Last year Councilmember John Lee, a Republican, nevertheless beat Lundquist by roughly 1,200 votes in an August 13 special election. But Lundquist thinks her chances will be better when she and Lee face off again in the March 3 primary, along with a write-in candidate, Asaad Alnajjar. “I think a lot of those folks who will be coming to the polls to choose a Democratic presidential candidate also want to see a change in their local government,” she says.

More specifically, she believes they’ll want to put someone in office who understands the existential threat of climate change, raised not only by the Aliso Canyon blowout (in the near term, methane is exponentially worse for the planet than is carbon dioxide), but also by October’s Saddleridge Fire, which erupted and spread with unusual ferocity.

Fowler admits that climate wasn’t on her radar five years ago. “I’m embarrassed to say I was so ignorant,” she says. “I just believed that if it were that bad our politicians would be doing something to fix it.”

Says Bolona: “I lived in a bubble.”

Grace Yao, a spokesperson for Councilmember Lee, agrees that recent catastrophes have increased “stakeholder engagement” in the district.
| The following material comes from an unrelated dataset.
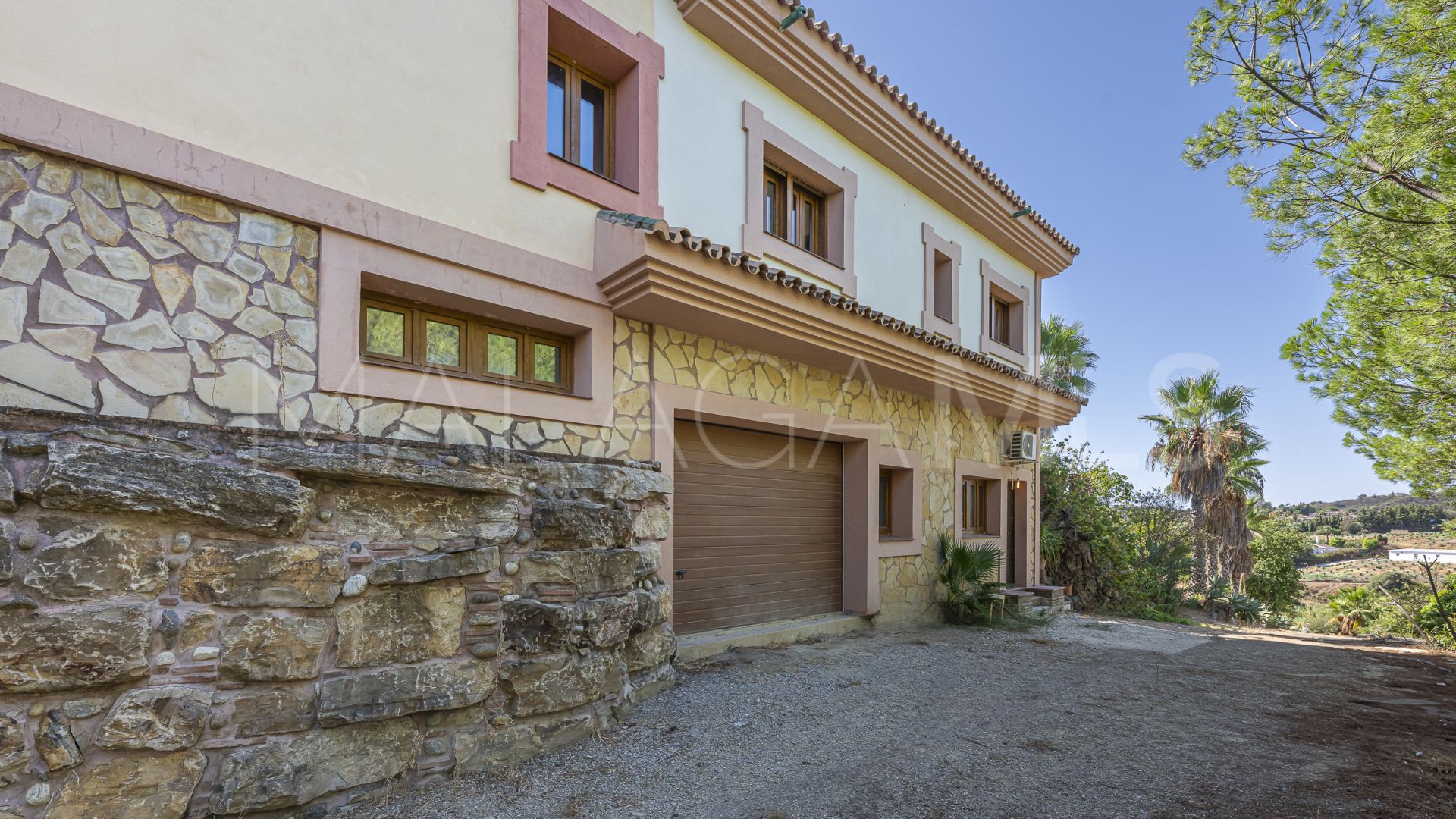Finca for sale in Estepona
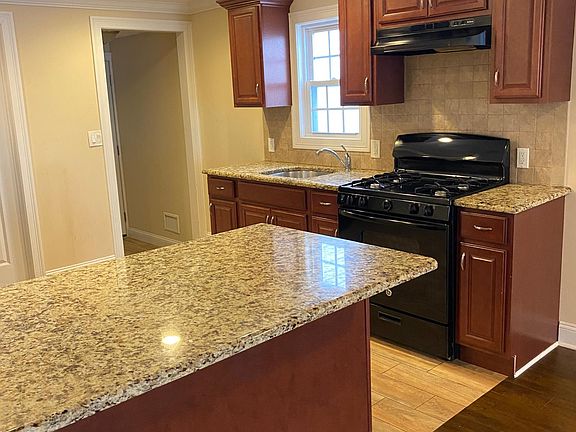 3rd image of 261 Cleveland St #2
Lee wants to shut down the Aliso Canyon facility as much as anybody. But pursuing environmental ideals in a car-dependent community, she says, is politically fraught. Lee has drawn fire from environmentalists and praise from business owners by calling for a review of a city project that carved out bike lanes on a busy north-south thoroughfare. He also opposes a rapid transit bus on a crowded east-west artery and has persuaded L.A. Metro to consider alternative routes. “You have a lot of people with a lot of emotion one way or another,” Yao says. “[Councilmember Lee] just wants any policy making to be data driven.”
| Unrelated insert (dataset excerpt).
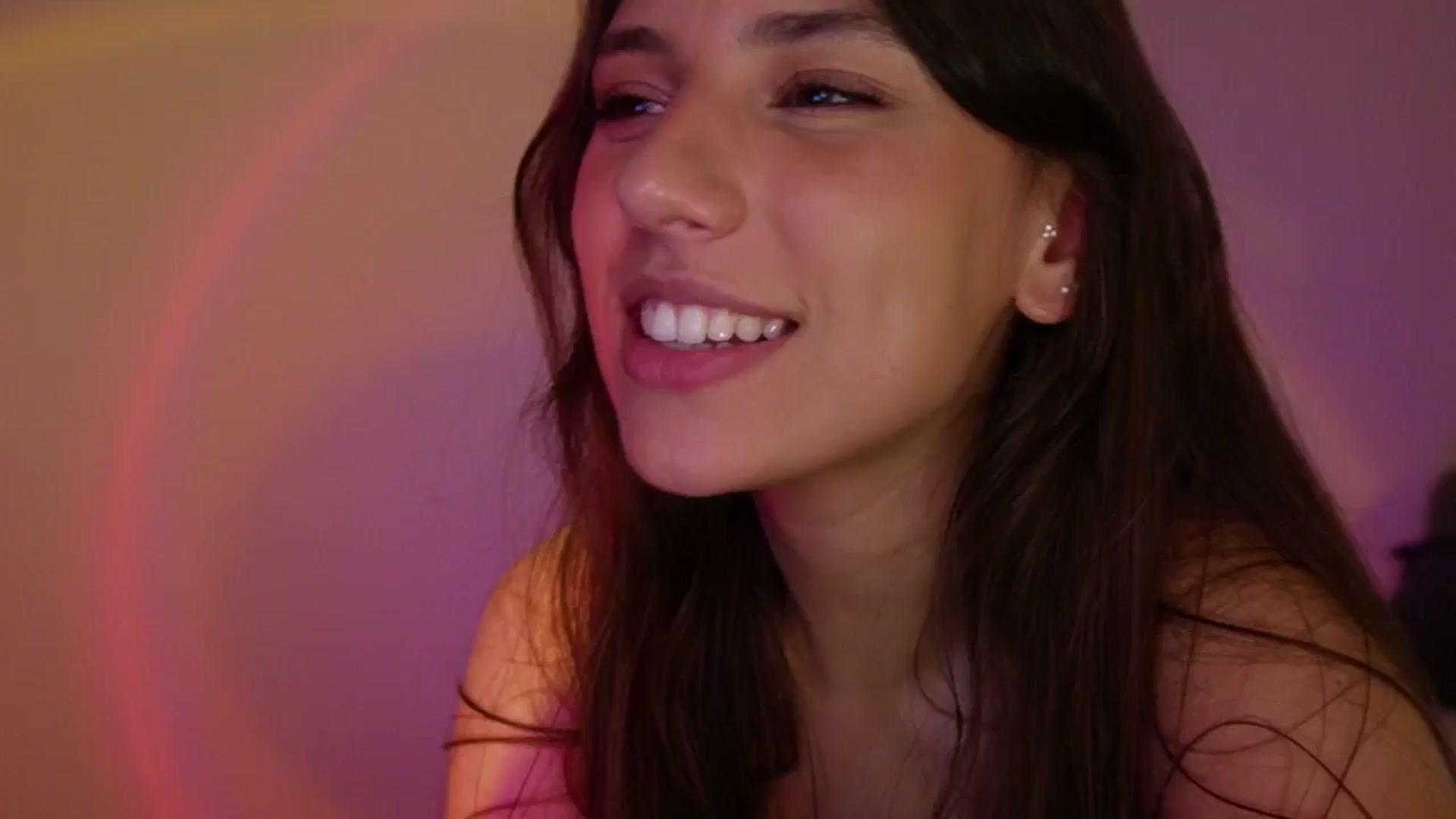 Gallery image thumbnail from AlexaBlancOh's myfreecams stream on, 10/13/2024, 08:44 image 7 of 20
Lundquist says she wants data, too, including, perhaps, data on global temperature rise in which transportation is a major factor. “We need leadership that will lead us toward clean energy and better transportation systems — toward all the things we know we need to do to address this climate emergency,” she says. “Some of the changes we need to make will be politically difficult. But they are changes that will benefit our lives.”